What does it take to spring forward?
How do we cope with the ups & downs of life?
How do we not give in?
For every headline that assaults our senses alerting us to bad stuff looming on the horizon, there are scores more messages of hope, encouragement, and inspiration if we take the time to pause and take in the good stuff.
“Into each life some rain must fall,” Henry Wadsworth Longfellow wrote in his poem The Rainy Day,” behind the clouds the sun is still shining.”
What if you decide to think of your life challenges as rain falling in your live? Sometimes it’s a gentle mist of occurrences like lost keys, spilt milk, laundry piling up, or not enough sleep. Other times it’s a torrential downpour of a lump in your breast, moving to a new location, or losing your job? Or more devastating gale force winds and two-story tsunami waves whisking you off your feet so that you are left breathless after the loss of a loved one?

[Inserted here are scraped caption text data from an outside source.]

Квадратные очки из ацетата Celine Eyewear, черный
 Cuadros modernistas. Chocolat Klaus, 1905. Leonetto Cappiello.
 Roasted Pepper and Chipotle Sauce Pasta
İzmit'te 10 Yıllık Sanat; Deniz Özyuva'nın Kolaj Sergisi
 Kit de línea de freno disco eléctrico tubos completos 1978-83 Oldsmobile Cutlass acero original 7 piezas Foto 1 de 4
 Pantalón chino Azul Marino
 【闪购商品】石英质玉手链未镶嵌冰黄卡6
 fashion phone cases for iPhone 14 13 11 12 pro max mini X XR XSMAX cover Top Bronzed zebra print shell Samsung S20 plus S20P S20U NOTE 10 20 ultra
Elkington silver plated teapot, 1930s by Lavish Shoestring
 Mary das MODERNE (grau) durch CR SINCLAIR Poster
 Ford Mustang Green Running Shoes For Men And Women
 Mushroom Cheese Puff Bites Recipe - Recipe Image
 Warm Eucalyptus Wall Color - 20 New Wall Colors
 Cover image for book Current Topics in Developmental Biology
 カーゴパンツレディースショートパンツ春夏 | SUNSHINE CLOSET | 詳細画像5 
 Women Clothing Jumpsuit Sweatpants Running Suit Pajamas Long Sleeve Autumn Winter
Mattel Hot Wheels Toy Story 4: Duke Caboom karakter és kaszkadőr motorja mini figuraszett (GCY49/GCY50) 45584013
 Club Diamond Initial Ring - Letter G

The question is: how does one weather these storms while waiting to see the sun still shining?
Rain brings new growth in in the spring. It’s the same for us. After any sort of life challenge, we change and we have the option to stay rooted, or grow. We make choices to reflect how we have grown.
The choices we make and how we grow, the depends on where we are in our lives. As children, we grow physical at a certain pace, and we can visible see that. However, the emotional maturity happens internally and is an individual phenomenon. None of us can escape it, it’s called growing up.
As we mature, more is expected of us. That’s when the rain turns from a mist to a light drizzle and perhaps a torrential downpour.
It’s when being consumed by a specific life experience that we are growing. The wisdom gleaned from each situation propels us to change. It is up to us if stay stagnant rooted in one place, or spring forward and move on.
Each of us has dealt with one (or all) of life’s major stressors at some point: the loss of a job, a major move, catastrophic illness, death of a loved one, or divorce. The whole world recently had to cope (and we still are) with a catastrophic illness that has taken the lives of many and forced us all to shift our day-to-day way of life.